Listed entries ::
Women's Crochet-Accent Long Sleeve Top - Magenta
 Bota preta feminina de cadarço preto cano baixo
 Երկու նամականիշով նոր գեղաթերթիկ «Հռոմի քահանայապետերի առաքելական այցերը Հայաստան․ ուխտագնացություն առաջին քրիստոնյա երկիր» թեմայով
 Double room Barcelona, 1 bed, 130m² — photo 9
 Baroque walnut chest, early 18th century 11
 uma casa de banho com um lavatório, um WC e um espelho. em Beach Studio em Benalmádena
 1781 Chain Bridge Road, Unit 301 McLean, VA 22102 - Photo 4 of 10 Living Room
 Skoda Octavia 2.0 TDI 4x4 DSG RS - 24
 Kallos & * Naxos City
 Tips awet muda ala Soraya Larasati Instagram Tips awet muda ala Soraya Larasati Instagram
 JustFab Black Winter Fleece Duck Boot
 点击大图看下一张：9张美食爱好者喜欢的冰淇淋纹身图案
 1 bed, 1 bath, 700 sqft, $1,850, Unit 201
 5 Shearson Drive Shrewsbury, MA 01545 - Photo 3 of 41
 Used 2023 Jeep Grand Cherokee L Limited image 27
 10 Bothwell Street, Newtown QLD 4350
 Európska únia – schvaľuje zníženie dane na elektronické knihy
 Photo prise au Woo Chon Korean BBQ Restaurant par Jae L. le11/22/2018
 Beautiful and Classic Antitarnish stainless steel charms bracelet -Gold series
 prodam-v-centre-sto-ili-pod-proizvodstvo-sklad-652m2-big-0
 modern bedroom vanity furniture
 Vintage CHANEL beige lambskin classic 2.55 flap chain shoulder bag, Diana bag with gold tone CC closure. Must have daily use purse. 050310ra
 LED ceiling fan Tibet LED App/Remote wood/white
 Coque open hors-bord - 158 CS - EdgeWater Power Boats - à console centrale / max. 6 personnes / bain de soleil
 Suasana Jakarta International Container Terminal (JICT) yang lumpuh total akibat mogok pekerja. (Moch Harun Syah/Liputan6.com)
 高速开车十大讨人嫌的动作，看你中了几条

Requirement ::
In the entries above, find the line holding "点击大图看下一张：9张美食爱好者喜欢的冰淇淋纹身图案" and the line holding "Photo prise au"; print both of them and every line between, exactly, and nothing else.

Expected answer ::
 点击大图看下一张：9张美食爱好者喜欢的冰淇淋纹身图案
 1 bed, 1 bath, 700 sqft, $1,850, Unit 201
 5 Shearson Drive Shrewsbury, MA 01545 - Photo 3 of 41
 Used 2023 Jeep Grand Cherokee L Limited image 27
 10 Bothwell Street, Newtown QLD 4350
 Európska únia – schvaľuje zníženie dane na elektronické knihy
 Photo prise au Woo Chon Korean BBQ Restaurant par Jae L. le11/22/2018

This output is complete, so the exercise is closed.